A new supply chain attack was seen on Monday.com which can also impact multiple customers.
Monday.com is an online workflow management platform used by various project managers. Some of the prominent customers of platforms are Coca-Cola, Unilever, Adobe.
This attack can also be correlated to the last month Codecov attack. The attacker had accessed the Codecov environment for the last two months and they are able to modify the Codecov Bash Uploadet tool to exfiltrate the environment variables ( sensitive information like codes, tokens and credentials) from Codecov customer environments.

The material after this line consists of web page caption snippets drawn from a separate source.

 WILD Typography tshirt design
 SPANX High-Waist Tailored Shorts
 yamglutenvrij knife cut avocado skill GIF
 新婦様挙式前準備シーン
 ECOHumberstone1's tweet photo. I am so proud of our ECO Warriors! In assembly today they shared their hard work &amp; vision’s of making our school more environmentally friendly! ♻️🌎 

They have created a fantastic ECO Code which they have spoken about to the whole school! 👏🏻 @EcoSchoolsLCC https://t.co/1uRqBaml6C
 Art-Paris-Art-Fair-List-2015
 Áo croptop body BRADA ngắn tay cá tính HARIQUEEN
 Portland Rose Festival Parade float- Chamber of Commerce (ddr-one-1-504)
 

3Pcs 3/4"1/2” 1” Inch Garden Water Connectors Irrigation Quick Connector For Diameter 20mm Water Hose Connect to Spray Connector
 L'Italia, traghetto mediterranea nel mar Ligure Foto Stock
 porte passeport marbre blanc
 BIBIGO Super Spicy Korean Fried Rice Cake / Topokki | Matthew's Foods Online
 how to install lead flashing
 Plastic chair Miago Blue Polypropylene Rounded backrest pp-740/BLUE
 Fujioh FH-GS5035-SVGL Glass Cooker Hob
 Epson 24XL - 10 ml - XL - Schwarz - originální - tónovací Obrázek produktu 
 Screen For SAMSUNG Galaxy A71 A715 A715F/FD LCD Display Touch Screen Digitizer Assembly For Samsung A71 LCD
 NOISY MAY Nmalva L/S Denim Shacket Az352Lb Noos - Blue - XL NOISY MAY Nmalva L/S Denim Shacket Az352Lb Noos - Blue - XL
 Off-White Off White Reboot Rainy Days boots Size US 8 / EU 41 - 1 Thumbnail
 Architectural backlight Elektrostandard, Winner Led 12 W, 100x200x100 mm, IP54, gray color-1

Using the credentials harvested from the tampered Bash Uploader, Codecov attackers reportedly breached hundreds of customer networks.
Monday.com which is also a Codecov customer has recently announced that it was impacted by the Codecov supply-chain attack.
In an F-1 form filed this week with the U.S. Securities and Exchange Commission (SEC) for Monday.com’s proposed Initial Public Offering (IPO), the company shared details on the extent of the Codecov breach.
After their investigation into the Codecov breach, Monday.com found that unauthorized actors had gained access to a read-only copy of their source code.
However, as per company there is no evidence that the source code of monday.com has been tampered by the attackers.
As per company spokesperson “the attacker did access a file containing a list of certain URLs pointing to publicly broadcasted customer forms and views hosted on our platform and we have contacted the relevant customers to inform them how to regenerate these URLs,”.
At this time, there is also no indication that Monday.com customers’ data was affected by this incident, although the company continues to investigate.
Prior to the disclosure made in the SEC filing this week, Monday.com had previously stated that following the Codecov incident, they removed Codecov’s access to their environment and discontinued the service’s use altogether:
“Upon learning of this issue, we took immediate mitigation steps, including revoking Codecov access, discontinuing our use of Codecov’s service, rotating keys for all of monday.com’s production and development environments, and retaining leading cybersecurity forensic experts to assist with our investigation,” said Monday.com’s security team in last week’s blog post.